Given the complexities of the euro itself and the added pressure of the need to win a referendum, Blair and Brown have no choice but to proceed with some dextrous delicacy. In spite of themselves, that is what they are doing. I know this is not the received wisdom, probably even in their own camps, where both sides are better known these days for throwing political grenades at each other. They are more united and focused than they realise.

To take the micro picture first – and there is nothing more micro than a Cabinet minister sitting at his or her desk this morning reading several hundred pages on the stability pact. When the details of the Cabinet involvement were announced last week they were immediately viewed through the prism of the Blair-Brown split. Some of the Prime Minister's associates portrayed the development as a victory, almost as if he had won the referendum. Brown was having none of it. He popped up in a series of interviews to declare that the wider Cabinet involvement was what he had planned all along. He had been looking forward to these cosy chats with his Cabinet colleagues for years.

This is getting silly. It is hardly a prime ministerial triumph to persuade his chancellor to meet the Cabinet. Brown could never have got away with presenting his verdict to the Cabinet on the morning of his statement next month. The meetings between Cabinet ministers and Blair and Brown scheduled for the next few days would have had to take place in some form even if it was for cosmetic purposes. It is now Blair's intention to involve other Cabinet ministers more directly in preparations for the euro. That is sensible, as several of them have departmental briefs in which the euro plays a central role. The wider involvement will irritate Brown, but it is not a significant defeat. In the end the Prime Minister cannot win a referendum without the endorsement of his chancellor and, to be more precise, this particular chancellor.

Equally silly is some of the pressure being applied to Blair by ardent supporters of the euro. Senior figures from Chris Patten downward warn that Blair will appear hopelessly weak if he does not virtually guarantee a referendum in this Parliament. Blair likes to appear a "bold" leader, so his old allies are beating him with a particularly punishing stick. But, as the grotesque war against Iraq demonstrated, a desire to appear strong is not the same as being strong or adopting the right approach. It will not be a "defeat" for a "weak" Blair if next month's statement is accompanied by detailed policies that make Britain's entry to the euro possible fairly soon, but without a specified date.

And that is what will happen. In Brown's Budget, largely ignored because of the war, he announced a series of initiatives for Britain's housing market and labour flexibility in order to prepare for the euro. They should have been announced years ago, but they were not. We are where we are. In October 1997, when the euro was kicked into the long grass, neither Blair nor Brown announced policies to make single currency entry feasible now. They passively announced that a series of economic tests would be undertaken. This means that some of Brown's concerns about the economic implications of immediate entry are valid and shared to some extent by Blair.

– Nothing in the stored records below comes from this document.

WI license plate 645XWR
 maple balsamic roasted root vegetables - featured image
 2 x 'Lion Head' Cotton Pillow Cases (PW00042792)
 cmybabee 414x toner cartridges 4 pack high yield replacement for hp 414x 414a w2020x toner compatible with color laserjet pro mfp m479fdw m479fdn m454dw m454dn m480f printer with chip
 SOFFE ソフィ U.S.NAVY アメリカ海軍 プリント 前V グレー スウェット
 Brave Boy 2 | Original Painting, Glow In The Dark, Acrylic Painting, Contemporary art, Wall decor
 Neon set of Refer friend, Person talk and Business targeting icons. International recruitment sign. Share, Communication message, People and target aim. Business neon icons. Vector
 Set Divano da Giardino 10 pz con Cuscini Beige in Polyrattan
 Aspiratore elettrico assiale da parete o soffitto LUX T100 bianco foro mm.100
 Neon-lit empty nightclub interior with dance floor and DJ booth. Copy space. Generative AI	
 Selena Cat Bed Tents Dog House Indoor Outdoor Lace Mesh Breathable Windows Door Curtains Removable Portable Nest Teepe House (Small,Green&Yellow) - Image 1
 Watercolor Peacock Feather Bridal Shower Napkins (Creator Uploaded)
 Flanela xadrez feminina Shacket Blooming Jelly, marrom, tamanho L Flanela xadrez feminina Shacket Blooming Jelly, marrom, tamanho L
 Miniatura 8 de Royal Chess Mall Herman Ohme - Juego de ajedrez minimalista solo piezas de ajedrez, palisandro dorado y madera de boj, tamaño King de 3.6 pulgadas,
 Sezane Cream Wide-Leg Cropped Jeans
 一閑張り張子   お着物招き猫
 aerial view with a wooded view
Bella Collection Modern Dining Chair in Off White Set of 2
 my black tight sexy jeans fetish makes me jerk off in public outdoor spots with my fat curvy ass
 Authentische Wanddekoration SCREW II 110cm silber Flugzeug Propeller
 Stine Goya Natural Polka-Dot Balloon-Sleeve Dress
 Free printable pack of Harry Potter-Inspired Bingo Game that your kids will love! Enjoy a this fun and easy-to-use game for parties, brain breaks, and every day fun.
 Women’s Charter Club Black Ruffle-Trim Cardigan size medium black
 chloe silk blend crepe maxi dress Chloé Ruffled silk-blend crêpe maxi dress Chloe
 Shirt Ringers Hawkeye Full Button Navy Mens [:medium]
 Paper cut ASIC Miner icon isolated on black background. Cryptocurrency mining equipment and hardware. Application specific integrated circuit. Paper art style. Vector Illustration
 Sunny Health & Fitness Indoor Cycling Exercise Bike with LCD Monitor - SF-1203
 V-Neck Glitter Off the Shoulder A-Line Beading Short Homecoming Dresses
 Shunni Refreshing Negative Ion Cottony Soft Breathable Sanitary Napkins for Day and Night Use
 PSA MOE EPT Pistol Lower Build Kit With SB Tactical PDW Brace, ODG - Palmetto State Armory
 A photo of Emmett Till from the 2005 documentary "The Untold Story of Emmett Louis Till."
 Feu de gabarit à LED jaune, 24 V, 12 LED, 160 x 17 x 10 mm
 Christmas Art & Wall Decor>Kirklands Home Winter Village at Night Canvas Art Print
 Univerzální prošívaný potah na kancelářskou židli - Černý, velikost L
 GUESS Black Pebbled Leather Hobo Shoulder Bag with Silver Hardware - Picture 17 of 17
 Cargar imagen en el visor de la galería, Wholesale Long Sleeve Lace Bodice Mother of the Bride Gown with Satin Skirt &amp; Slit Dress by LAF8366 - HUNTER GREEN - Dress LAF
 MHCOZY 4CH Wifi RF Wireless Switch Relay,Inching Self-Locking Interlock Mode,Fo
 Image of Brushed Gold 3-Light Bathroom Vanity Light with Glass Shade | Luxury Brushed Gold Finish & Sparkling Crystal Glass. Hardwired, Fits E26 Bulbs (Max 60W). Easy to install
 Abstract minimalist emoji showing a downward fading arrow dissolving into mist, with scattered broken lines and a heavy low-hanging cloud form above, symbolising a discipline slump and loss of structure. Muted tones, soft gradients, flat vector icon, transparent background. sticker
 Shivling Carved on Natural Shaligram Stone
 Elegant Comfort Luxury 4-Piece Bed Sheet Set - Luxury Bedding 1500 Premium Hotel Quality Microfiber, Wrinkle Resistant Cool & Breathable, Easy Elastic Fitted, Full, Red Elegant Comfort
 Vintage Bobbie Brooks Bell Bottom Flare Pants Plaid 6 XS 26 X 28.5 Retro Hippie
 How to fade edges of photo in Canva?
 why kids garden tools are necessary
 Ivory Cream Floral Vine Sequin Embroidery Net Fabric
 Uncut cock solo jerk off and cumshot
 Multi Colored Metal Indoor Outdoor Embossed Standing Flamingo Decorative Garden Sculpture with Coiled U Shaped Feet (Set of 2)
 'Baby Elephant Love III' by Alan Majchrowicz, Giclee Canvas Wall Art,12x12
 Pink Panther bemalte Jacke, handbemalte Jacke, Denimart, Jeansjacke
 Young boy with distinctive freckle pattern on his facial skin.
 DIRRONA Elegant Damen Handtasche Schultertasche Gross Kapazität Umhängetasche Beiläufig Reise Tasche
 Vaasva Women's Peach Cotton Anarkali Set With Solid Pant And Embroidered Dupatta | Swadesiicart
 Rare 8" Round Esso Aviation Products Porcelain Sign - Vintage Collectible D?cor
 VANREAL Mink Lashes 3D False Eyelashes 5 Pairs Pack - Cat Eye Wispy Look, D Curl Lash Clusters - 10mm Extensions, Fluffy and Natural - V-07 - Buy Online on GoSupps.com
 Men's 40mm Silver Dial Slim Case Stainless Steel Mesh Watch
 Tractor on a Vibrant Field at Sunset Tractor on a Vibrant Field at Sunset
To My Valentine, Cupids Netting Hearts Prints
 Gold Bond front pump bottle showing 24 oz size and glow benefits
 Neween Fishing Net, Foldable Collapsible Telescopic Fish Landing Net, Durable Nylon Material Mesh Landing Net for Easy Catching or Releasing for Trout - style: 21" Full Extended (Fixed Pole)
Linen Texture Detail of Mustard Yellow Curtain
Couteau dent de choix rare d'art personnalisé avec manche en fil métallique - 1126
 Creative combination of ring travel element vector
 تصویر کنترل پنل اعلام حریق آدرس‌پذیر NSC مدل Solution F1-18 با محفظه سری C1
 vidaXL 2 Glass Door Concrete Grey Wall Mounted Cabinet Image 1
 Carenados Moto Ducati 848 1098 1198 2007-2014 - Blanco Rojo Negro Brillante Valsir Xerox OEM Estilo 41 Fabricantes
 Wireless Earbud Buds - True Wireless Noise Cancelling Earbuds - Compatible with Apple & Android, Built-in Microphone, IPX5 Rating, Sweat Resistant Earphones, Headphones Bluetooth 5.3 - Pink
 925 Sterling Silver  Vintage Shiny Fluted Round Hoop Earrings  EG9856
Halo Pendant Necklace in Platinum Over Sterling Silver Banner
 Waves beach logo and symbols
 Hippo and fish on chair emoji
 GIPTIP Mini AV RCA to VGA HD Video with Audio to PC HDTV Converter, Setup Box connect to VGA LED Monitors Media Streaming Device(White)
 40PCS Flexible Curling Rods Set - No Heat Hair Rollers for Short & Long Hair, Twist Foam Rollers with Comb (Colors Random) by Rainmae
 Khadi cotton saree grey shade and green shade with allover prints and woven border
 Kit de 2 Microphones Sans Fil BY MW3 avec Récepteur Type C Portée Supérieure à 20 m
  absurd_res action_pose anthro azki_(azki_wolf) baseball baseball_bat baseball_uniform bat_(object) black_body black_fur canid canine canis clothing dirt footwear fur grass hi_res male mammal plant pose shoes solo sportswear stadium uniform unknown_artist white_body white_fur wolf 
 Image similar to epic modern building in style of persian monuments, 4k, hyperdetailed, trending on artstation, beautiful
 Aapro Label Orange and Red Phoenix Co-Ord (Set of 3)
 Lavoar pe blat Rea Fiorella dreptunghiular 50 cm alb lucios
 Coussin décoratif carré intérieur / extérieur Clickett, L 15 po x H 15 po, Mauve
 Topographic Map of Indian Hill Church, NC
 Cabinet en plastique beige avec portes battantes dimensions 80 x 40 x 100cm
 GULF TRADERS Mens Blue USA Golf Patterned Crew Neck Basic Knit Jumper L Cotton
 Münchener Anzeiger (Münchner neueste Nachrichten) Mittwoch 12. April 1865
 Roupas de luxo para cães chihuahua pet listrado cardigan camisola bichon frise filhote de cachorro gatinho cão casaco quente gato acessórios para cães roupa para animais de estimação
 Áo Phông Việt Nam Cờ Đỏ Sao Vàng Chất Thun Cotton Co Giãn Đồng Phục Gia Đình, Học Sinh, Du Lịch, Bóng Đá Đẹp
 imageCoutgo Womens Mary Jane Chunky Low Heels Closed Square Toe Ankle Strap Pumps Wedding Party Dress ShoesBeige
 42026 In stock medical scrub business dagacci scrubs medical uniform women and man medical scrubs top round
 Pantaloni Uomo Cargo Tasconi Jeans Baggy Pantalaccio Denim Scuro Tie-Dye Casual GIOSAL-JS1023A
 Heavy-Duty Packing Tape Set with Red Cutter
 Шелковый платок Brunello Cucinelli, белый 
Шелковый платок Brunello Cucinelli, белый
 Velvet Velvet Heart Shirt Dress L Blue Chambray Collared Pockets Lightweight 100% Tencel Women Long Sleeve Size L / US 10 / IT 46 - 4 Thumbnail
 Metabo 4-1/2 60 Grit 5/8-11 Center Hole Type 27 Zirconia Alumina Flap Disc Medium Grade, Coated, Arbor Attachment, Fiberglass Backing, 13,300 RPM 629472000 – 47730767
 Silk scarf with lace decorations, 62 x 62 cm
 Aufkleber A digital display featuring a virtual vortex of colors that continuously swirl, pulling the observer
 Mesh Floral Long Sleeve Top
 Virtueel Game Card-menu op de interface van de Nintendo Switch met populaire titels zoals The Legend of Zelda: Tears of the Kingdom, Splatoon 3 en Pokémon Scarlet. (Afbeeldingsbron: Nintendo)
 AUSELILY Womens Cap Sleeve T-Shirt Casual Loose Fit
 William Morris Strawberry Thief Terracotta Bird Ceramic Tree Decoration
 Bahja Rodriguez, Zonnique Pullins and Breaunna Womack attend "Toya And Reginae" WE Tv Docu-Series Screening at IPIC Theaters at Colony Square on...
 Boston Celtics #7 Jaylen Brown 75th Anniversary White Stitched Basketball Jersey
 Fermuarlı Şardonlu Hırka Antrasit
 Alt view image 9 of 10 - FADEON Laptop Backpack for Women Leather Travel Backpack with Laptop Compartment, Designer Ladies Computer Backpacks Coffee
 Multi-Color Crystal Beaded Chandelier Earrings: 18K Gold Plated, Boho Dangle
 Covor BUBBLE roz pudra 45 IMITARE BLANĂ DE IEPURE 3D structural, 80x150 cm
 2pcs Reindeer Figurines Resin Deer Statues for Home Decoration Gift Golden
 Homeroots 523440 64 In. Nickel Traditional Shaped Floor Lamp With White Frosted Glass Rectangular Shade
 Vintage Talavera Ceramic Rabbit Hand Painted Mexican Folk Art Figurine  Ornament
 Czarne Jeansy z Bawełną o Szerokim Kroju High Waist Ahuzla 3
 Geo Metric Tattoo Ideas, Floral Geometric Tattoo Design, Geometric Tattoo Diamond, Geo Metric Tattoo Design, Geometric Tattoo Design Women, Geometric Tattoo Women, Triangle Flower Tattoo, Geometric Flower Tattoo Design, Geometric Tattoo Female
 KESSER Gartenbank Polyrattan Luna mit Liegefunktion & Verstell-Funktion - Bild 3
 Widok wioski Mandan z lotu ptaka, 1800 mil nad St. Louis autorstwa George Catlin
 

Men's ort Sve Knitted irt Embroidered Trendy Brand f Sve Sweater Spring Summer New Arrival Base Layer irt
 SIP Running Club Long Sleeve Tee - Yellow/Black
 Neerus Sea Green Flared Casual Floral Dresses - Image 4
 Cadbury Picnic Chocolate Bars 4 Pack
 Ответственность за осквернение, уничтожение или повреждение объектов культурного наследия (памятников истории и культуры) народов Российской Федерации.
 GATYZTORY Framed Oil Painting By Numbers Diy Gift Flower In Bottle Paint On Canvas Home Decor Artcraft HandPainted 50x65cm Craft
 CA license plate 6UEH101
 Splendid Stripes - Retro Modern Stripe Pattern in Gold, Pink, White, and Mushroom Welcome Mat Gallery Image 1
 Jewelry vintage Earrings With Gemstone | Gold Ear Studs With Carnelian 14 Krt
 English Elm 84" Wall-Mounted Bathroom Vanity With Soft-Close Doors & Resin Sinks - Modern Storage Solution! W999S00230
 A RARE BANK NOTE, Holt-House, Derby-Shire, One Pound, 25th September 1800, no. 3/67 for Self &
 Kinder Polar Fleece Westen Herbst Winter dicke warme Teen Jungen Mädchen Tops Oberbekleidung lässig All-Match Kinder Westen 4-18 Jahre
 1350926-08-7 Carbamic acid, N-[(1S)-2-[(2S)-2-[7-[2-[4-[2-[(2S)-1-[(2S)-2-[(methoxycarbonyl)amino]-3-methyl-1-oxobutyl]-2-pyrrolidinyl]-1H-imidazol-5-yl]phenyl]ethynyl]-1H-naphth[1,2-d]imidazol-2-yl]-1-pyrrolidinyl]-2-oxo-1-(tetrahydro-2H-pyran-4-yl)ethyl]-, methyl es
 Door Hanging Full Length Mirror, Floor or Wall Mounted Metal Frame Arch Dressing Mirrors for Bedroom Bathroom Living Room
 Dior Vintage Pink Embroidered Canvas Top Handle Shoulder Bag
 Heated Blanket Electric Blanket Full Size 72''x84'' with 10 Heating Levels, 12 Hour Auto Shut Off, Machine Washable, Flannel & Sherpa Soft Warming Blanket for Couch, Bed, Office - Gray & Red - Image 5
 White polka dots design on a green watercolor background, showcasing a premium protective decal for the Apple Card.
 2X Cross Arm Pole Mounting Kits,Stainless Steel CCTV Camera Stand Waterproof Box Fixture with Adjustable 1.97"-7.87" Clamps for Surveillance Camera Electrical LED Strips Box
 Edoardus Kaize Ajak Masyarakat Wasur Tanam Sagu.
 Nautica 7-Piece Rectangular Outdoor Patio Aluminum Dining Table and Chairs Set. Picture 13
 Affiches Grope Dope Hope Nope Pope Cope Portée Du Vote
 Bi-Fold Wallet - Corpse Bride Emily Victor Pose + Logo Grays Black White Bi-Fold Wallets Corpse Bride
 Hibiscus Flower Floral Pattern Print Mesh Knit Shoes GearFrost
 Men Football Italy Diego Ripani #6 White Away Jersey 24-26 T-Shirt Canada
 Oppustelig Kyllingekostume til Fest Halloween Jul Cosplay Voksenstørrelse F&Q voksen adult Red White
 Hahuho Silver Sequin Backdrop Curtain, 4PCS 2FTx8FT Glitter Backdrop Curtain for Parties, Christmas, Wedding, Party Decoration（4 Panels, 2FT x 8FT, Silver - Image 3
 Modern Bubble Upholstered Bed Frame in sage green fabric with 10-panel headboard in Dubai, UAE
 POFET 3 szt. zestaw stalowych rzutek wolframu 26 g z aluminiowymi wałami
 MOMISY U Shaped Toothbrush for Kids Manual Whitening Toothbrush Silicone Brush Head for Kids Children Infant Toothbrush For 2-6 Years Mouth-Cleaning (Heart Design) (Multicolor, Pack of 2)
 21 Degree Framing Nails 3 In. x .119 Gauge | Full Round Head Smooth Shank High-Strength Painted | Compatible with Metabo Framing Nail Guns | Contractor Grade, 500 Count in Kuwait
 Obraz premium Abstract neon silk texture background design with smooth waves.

It was the Prime Minister, not Brown, who insisted on adding the phrase in October 1997 that Britain would join the euro only when it was "clearly and unambiguously" in its economic interests. At the same time Blair's desire to join the single currency is not entirely dismissed by Brown, who is not a eurosceptic but is obsessively cautious about getting the timing of entry right. The pair of them are tiptoeing awkwardly towards the single currency, just as they tiptoed into increasing public spending and taxes. If one of them kicks the other in the ankles, both of them fall.

For all the storms in the coming weeks, here is the reality constraining them and us. If they had focused on preparing for euro entry over the past five years, they could have held – and won – the referendum by now. Both of them chose to pretend that the issue did not exist. At least the pretence is now over. That is progress and the start of a new phase. Ask any Cabinet minister wrestling with those one and a half million words this weekend.